Vers une sélection génétique des chèvres sur des critères de santé ?
En mesurant des indicateurs de santé des chèvres et en intégrant ces données dans la sélection génétique, les généticiens espèrent un lent progrès de la santé des animaux. Le projet Smarter qui se termine incite à prolonger les recherches.
En mesurant des indicateurs de santé des chèvres et en intégrant ces données dans la sélection génétique, les généticiens espèrent un lent progrès de la santé des animaux. Le projet Smarter qui se termine incite à prolonger les recherches.
Le projet européen Smarter, qui vient de se terminer, visait à améliorer par la sélection génétique la résilience et l’efficience des petits ruminants. Pour les chèvres, une sélection semble possible mais les progrès seront lents.
Dans 14 élevages de chèvres, dont deux unités expérimentales, les chercheurs de l’Inrae, de l’Anses, de Capgenes et de l’Institut de l’élevage ont récolté des données sur la santé et le bien-être des animaux. En 2020 et 2021, deux pointeurs de Capgenes ont noté près de 2 000 chèvres primipares alpines et saanen à l’aide d’une grille d’évaluation comprenant 11 indicateurs. « Nous nous sommes focalisés sur la bonne santé des animaux en évaluant l’absence de maladie de blessures et de douleurs, explique Isabelle Palhière, chercheuse à l’Inrae. Nous voulions aussi que ce phénotypage soit rapide et simple à mettre en œuvre. »

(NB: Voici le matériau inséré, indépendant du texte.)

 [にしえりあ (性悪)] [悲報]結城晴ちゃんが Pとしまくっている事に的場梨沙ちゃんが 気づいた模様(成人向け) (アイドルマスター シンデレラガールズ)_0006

Moins d’une minute par chèvre pour enregistrer onze critères de santé
Les critères retenus concernent les repousses après écornage, les onglons déformés, la présence de sac mammaire propices à la prolifération de cellules, les boiteries sévères, la propreté de l’arrière-train, les écoulements oculaires et nasaux, la présence de gros genoux (arthrite encéphalite virale caprine - Caev) ou d’abcès, l’état corporel (très maigre ou très gras) et l’état du pelage. Il fallait moins d’une minute par chèvre aux pointeurs aguerris pour enregistrer ces données. En plus de ces 11 critères, les pointages en ferme de la morphologie de la mamelle repéraient déjà les déséquilibres mammaires et la présence de kystes.
Les problèmes de repousses après écornage qui reviennent vers la tête, la présence d’abcès et les onglons déformés ont été les indicateurs le plus souvent observés (voir graphique). À noter que plus d’un tiers des chèvres ne présentaient aucun des signes alors que 10 % des chèvres en cumulaient plus de trois.

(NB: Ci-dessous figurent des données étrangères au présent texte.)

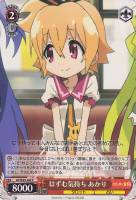 【ヴァイス】C◇はずむ気持ち あかり
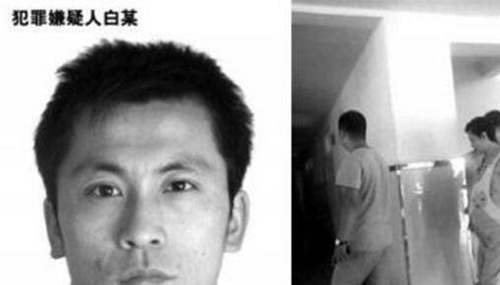 胡伊萱惨案 ，孕妇出轨诱骗少女回家供丈夫奸淫999 / 作者:网上的人生 / 帖子ID:48808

Chez les caprins aussi les critères de santé sont faiblement héritables
Avant d’imaginer une sélection, les généticiens ont mesuré les corrélations entre les critères de santé et le potentiel laitier de l’animal. « Il n’y a pas de lien entre le nombre de critères de santé observé et la quantité ou la qualité du lait, rassure Isabelle Palhière. Le seul lien concerne les cellules somatiques du lait qui augmentent avec la fréquence des problèmes observés. » Les chercheurs ont observé aussi que plus la chèvre a des critères négatifs, plus elle a été réformée jeune.
Les généticiens de l’Inrae et de l’Institut de l’élevage ont aussi mesuré l’héritabilité de ces critères. Mais seule la présence de sac mammaire a une héritabilité modérée, similaire à celles des autres critères de la morphologie de la mamelle. Pour les autres critères par contre, l’héritabilité est faible.
Une sélection génétique sur critères de santé possible mais longue en caprin
« C’est conforme à ce qu’on s’attend pour des critères de santé, explique Isabelle Palhière. Les généticiens restent cependant optimistes parce que nous savons que la sélection est possible, mais on sent qu’elle va être difficile puisque ce sont plutôt les facteurs d’environnement qui jouent sur l’état de santé. La sélection génétique peut contribuer à améliorer la situation mais ça n’empêchera pas de conserver les mesures sanitaires en élevage. »
Focus sur le Caev avec la génomique
« Certains boucs d’IA ont davantage de filles avec des signes de Caev [arthrite encéphalite virale caprine], observe Apolline Bailly-Salins de Capgenes. Avec 11 % d’héritabilité, le critère des gros genoux est faible, mais non nul. Et grâce à la génomique, on peut imaginer de faire de la sélection sur ce critère, d’ici quelques années. » L’organisme de sélection caprin poursuit donc la collecte de données sur les mères à bouc, et monte de nouveaux programmes de recherches pour explorer cette piste de la santé génétique.